The BTr reported that outstanding obligations both to domestic and foreign lenders increased in March as new borrowings had exceeded payments made that month.
Michael Ricafort, chief economist at Rizal Commercial Banking Corp., said the net borrowings posted could have reflected the need to finance the relatively wider budget deficits in recent months.
Ricafort said the further increase in debt stock was also partly due to the lower individual tax rates for most income brackets, implemented since the start of 2023 under the Tax Reform for Acceleration and Inclusion or Train Law.
He said this had reduced government revenues while high inflation basically increased government expenditures. There were also the higher interest rates that added to the government’s debt servicing costs.

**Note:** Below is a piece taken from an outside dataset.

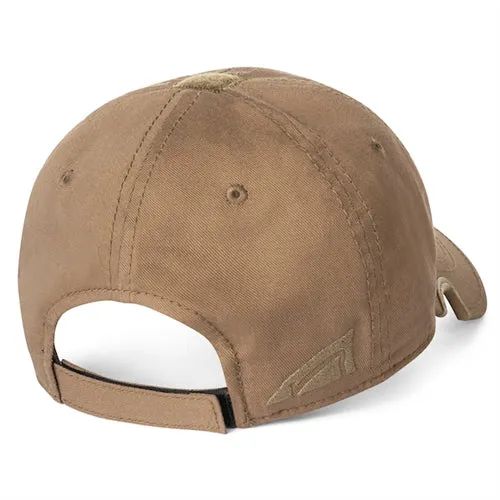 Notch Tactical Classic Adjustable Coyote Brown Operator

“For the coming months, a new record high for the outstanding national government in peso terms is still possible, in view of the upcoming US dollar-denominated or euro-denominated retail bond issuance (scheduled in this second quarter of 2023),” Ricafort said.
Also in March, Finance Secretary Benjamin Diokno said the government was looking at offering $2 billion to $3 billion in retail Treasury bonds (RTBs), adding that they were also mulling over the issuance of RTBs denominated in euros.
Data at the BTr show that, in March, local debt rose by 0.8 percent or P71 billion to P9.51 trillion mainly because the government’s new borrowings were more than the payments made that month.
Similarly, foreign debt increased by 0.8 percent or P33.1 billion to P4.34 trillion.
These increases due to net borrowings outweighed the benefit of the Philippine peso’s appreciation against the US dollar, which trimmed a total of P71.5 billion off the debt stock.
As of the end of 2022, the debt stock represented 60.9 percent of gross domestic product. This increased from 60.4 percent at end-2021 and still beyond the 60-percent threshold that is internationally considered as the cap for a prudent debt level.